Da un lato, gli studenti chiedono un sapere critico per affrontare i problemi più urgenti dell’epoca contemporanea. Dall’altro, chi governa l’università vuole tagliare l’organico, reclutare studenti-clienti che paghino le tasse, rimuovere i docenti più radicali e se possibile creare una bella università-spettacolo con qualche celebrità, qualche benefattore e pochi corsi inutili. E infine ci sono i dinosauri, i guardiani del canone che vigilano perché il loro ruolo non sia ridimensionato. Lo studioso statunitense Luke Harris parlava di “diminuita sovrarappresentazione” per descrivere chi è in una posizione di privilegio e si sente minacciato da un approccio più inclusivo in termini di genere, razza o orientamento sessuale. Elliot Rentz, l’anziano docente bianco che in The chair fa di tutto per impedire la promozione della docente nera Yasmin McKay, ne è una buona rappresentazione: tenta di impedire che sia scalfita la naturale sovra-rappresentazione degli uomini bianchi tra i decani del dipartimento, perché “l’ordine naturale delle cose” non può essere sovvertito dall’irresponsabilità di una donna nera con un gran talento.

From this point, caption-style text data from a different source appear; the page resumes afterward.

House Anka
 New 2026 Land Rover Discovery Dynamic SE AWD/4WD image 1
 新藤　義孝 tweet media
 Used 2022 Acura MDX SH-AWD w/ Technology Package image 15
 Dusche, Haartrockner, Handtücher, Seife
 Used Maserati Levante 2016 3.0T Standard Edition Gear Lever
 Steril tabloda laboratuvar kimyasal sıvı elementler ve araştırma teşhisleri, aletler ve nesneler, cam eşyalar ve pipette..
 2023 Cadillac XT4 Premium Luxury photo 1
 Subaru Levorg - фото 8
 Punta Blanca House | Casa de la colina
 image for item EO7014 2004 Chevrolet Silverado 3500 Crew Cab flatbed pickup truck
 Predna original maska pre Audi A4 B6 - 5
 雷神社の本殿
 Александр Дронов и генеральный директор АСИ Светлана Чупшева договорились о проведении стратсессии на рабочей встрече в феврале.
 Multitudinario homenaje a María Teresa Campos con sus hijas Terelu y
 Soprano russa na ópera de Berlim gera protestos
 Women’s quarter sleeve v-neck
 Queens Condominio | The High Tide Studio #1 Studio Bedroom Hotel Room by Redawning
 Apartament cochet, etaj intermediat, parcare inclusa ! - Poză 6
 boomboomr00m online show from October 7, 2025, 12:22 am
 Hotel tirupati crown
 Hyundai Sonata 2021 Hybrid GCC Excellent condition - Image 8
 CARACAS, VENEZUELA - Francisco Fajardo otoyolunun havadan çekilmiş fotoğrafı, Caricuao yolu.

Quello che Peet non ha detto, nelle sue dichiarazioni, è che in queste condizioni l’università non è riformabile. Ji-Yoon invece lo spiega chiaramente: “Mi sento come se qualcuno mi avesse dato una bomba a orologeria perché voleva essere sicuro che la terrà in mano una donna quando esploderà”. È difficile darle torto.
Purtroppo, The chair mostra come il mondo della cultura contemporaneo sia spesso ostaggio di chi vuole che la nostra società rimanga disuguale e discriminatoria, come lo è stata troppo a lungo in passato. Per fortuna c’è ancora chi si adopera coraggiosamente per cambiarla, nonostante le avversità.